Terms for the Commission of Investigation into the secret recordings will be finalised by next week, Taoiseach Enda Kenny confirmed yesterday.
The Cabinet yesterday discussed draft terms for the inquiry, which will be headed up by Supreme Court judge Nial Fennelly.
It was agreed a full inventory of the 2,485 tapes of calls from Garda stations will be made and access to them will be restricted.
It emerged yesterday that the Commission may look at the circumstances around the recording of phone calls in jails between prisoners and their solicitors. Mr Kenny confirmed yesterday conversations of 84 prisoners with their lawyers had been secretly recorded in jails.
Mr Kenny said terms for the inquiry into years of secret taping of phone conversations would be finalised in the next seven to 10 days.
Judge Fennelly is expected to review the draft terms. He has been a member of the Supreme Court since 2000. A former chairman of the Bar Council of Ireland, he chairs the Irish Centre for European Law and is president of the Irish Society for European Law.
The judge also previously chaired a working group which reported on the future of criminal jurisdiction in the courts in May 2003.
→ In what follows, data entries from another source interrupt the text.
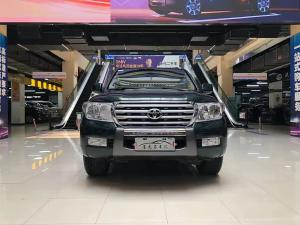Toyota Land Cruiser 2012 Бензин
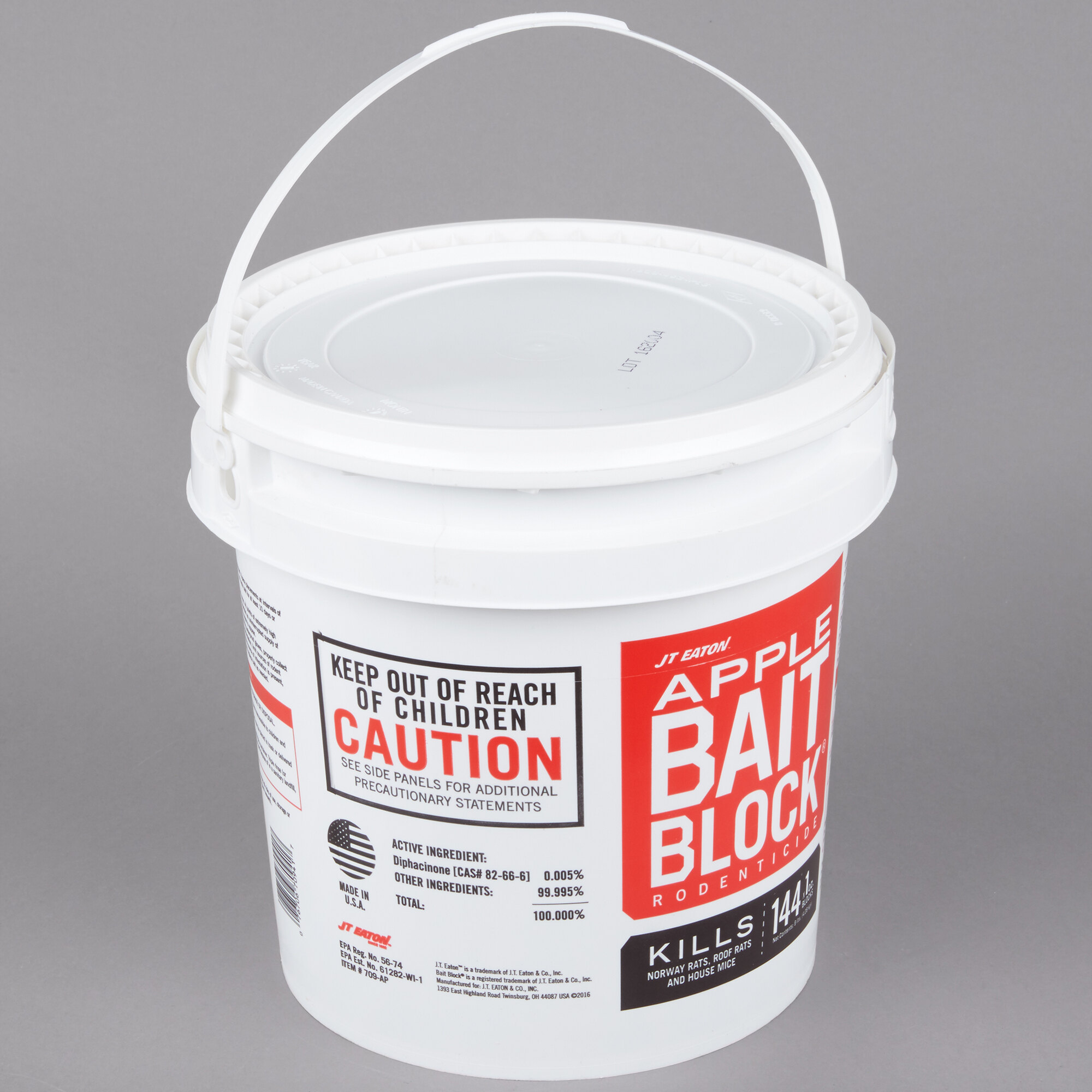 JT Eaton 709AP Apple Flavor Bait Blocks (144) 1 oz. Blocks / Pail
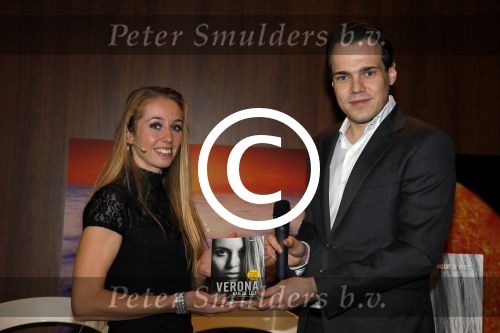 Nootdorp 29 oktober 2014
Boekpresentatie Verona v d Leur bij Motel v d Valk. Verona met de uitgever en schrijver Vincent de Vries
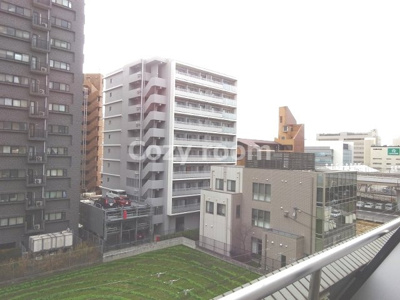 【展望】 | クィンシー江坂 | 南向きバルコニーからの眺めです。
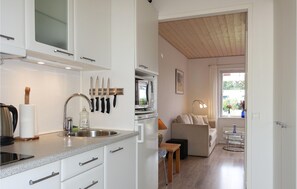 Fridge, microwave, stovetop, cookware/dishes/utensils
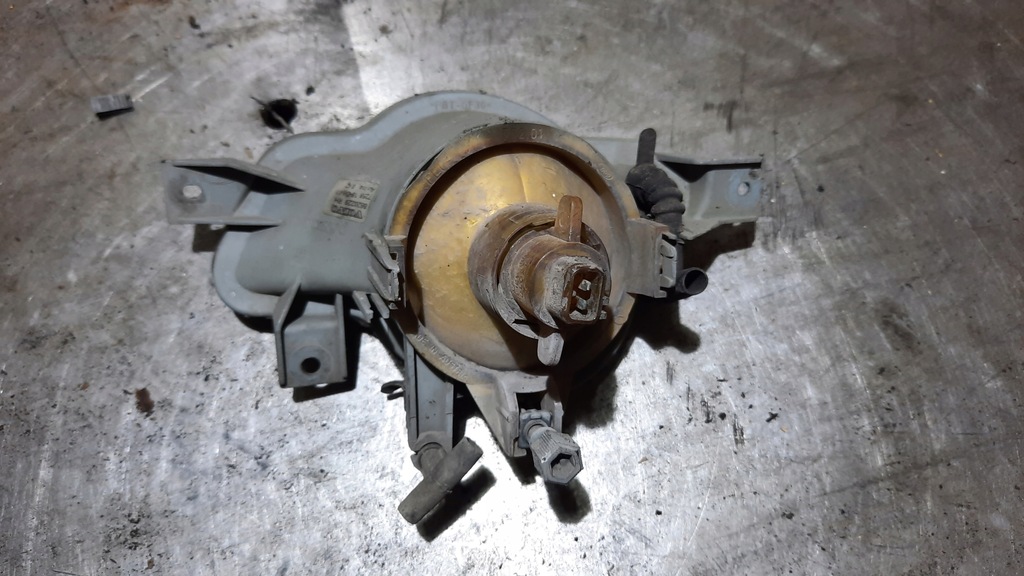 фото №2, Протитуманна фара лампа протитуманна правий перед v70 ii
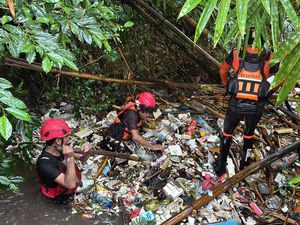 Balita Lombok Timur Hanyut di Selokan Saat Main Hujan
Legals sources said Judge Fennelly had an “incisive mind”, was “extraordinarily fair”, and had an attention to detail. He is due to retire from the Supreme Court on May 2, by which time the inquiry may be ready to be set up.
Two provisional reports from the Garda and the Department of Justice on the tapes will also help inform the terms.
Meanwhile, the Government have agreed that a Cabinet sub-committee will oversee long-term over-arching reforms of the gardaí. Mr Kenny, Tanaiste Eamon Gilmore, Justice Minister Alan Shatter and a fourth minister will sit on it.